From the listing below, restate word for word the lines from the line containing "We are pleased" down through the line containing "I'm Todd Laguerre.". Exclude pictures.

▶ _Data supplied_:
▼▼▼
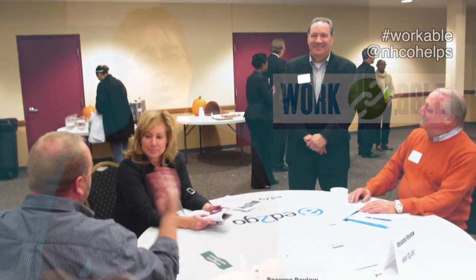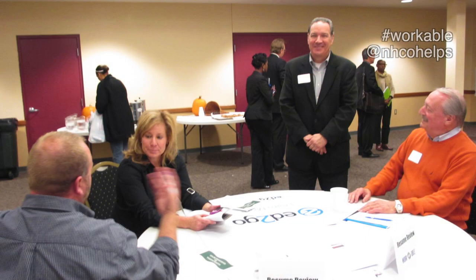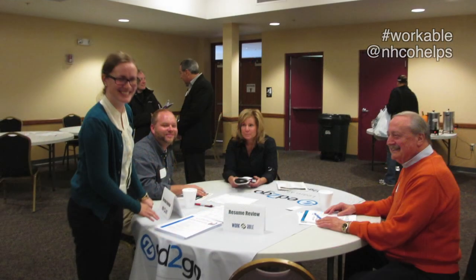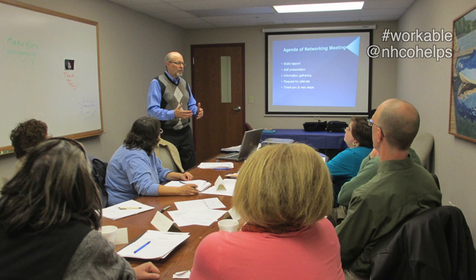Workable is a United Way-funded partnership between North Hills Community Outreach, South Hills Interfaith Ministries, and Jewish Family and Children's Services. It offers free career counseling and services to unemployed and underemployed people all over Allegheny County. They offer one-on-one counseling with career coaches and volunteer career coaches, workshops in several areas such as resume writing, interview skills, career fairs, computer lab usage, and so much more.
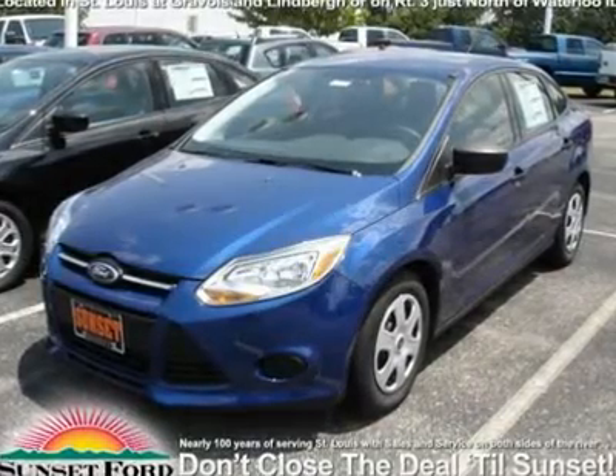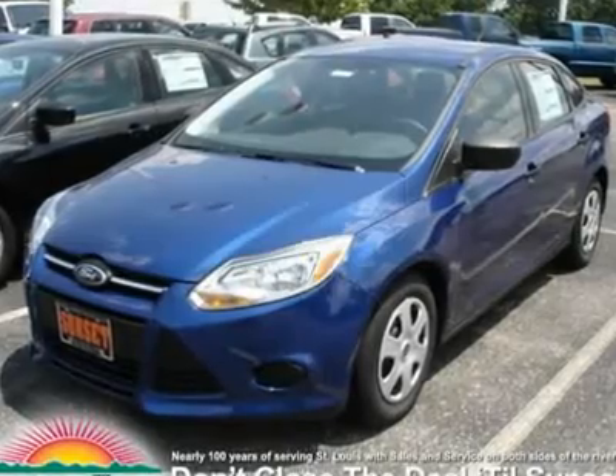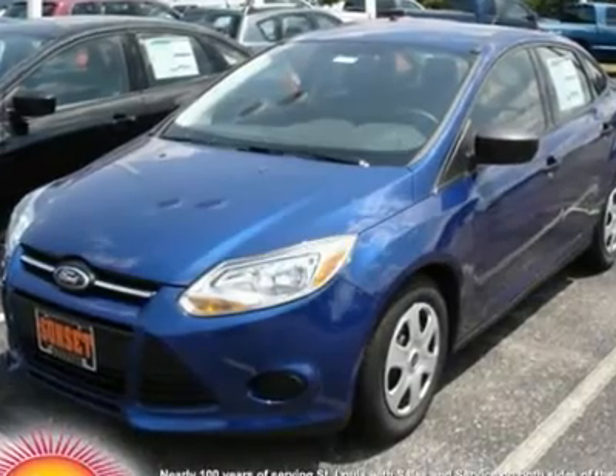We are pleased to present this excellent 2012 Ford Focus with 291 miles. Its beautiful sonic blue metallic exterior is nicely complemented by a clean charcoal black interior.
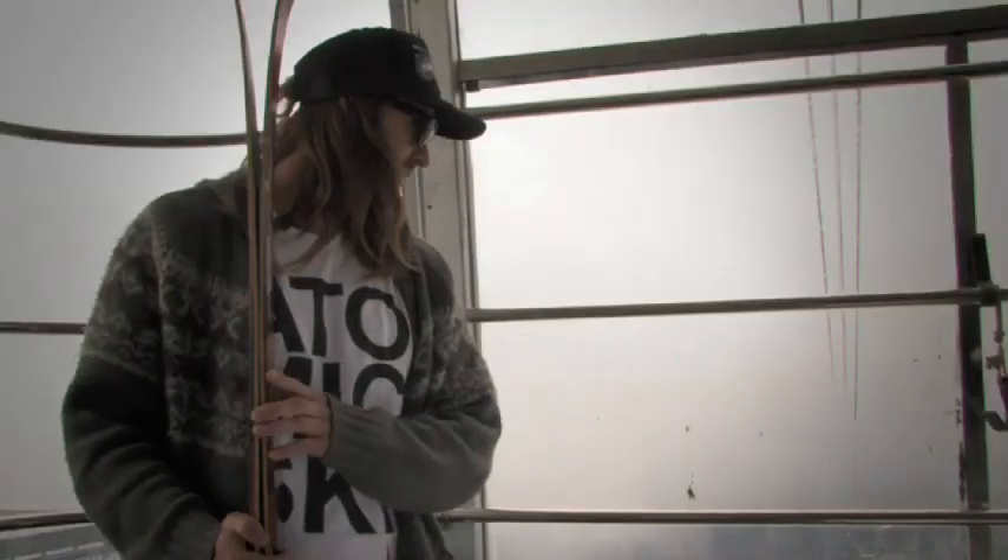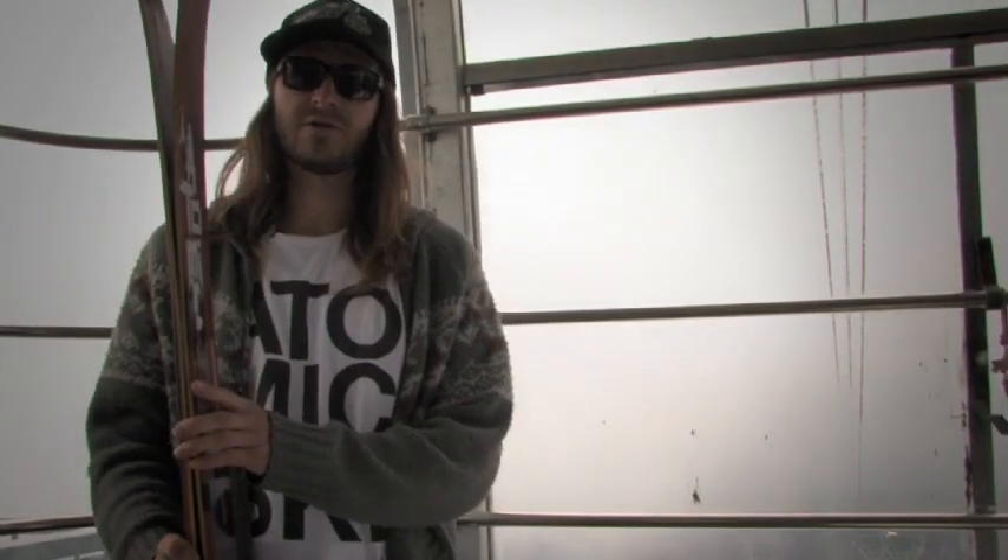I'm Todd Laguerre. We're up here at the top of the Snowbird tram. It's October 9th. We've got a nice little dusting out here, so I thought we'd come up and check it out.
▲▲▲
▼▼▼
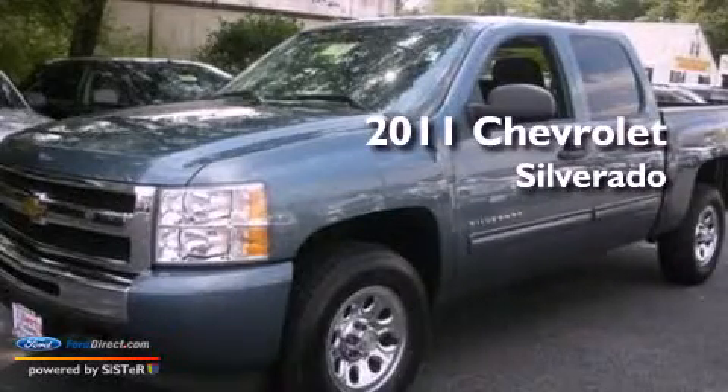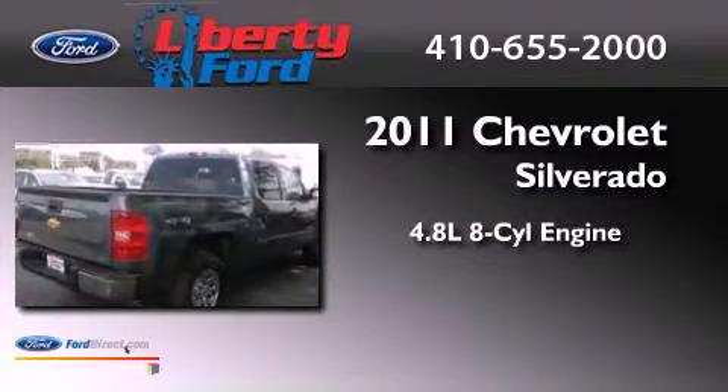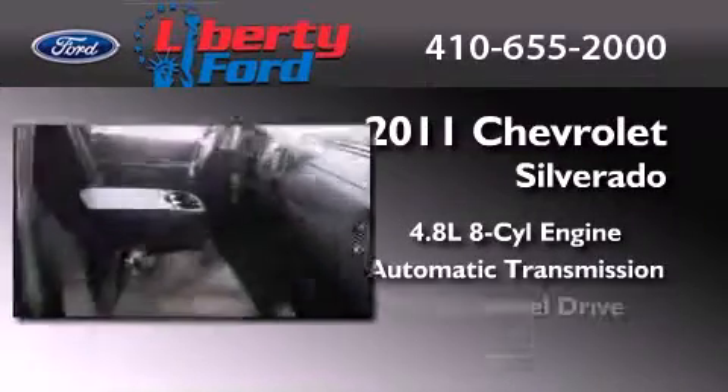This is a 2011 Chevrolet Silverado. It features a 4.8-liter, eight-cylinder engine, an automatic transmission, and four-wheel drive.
▲▲▲
▶ _Result_:
We are pleased to present this excellent 2012 Ford Focus with 291 miles. Its beautiful sonic blue metallic exterior is nicely complemented by a clean charcoal black interior.
I'm Todd Laguerre. We're up here at the top of the Snowbird tram. It's October 9th. We've got a nice little dusting out here, so I thought we'd come up and check it out.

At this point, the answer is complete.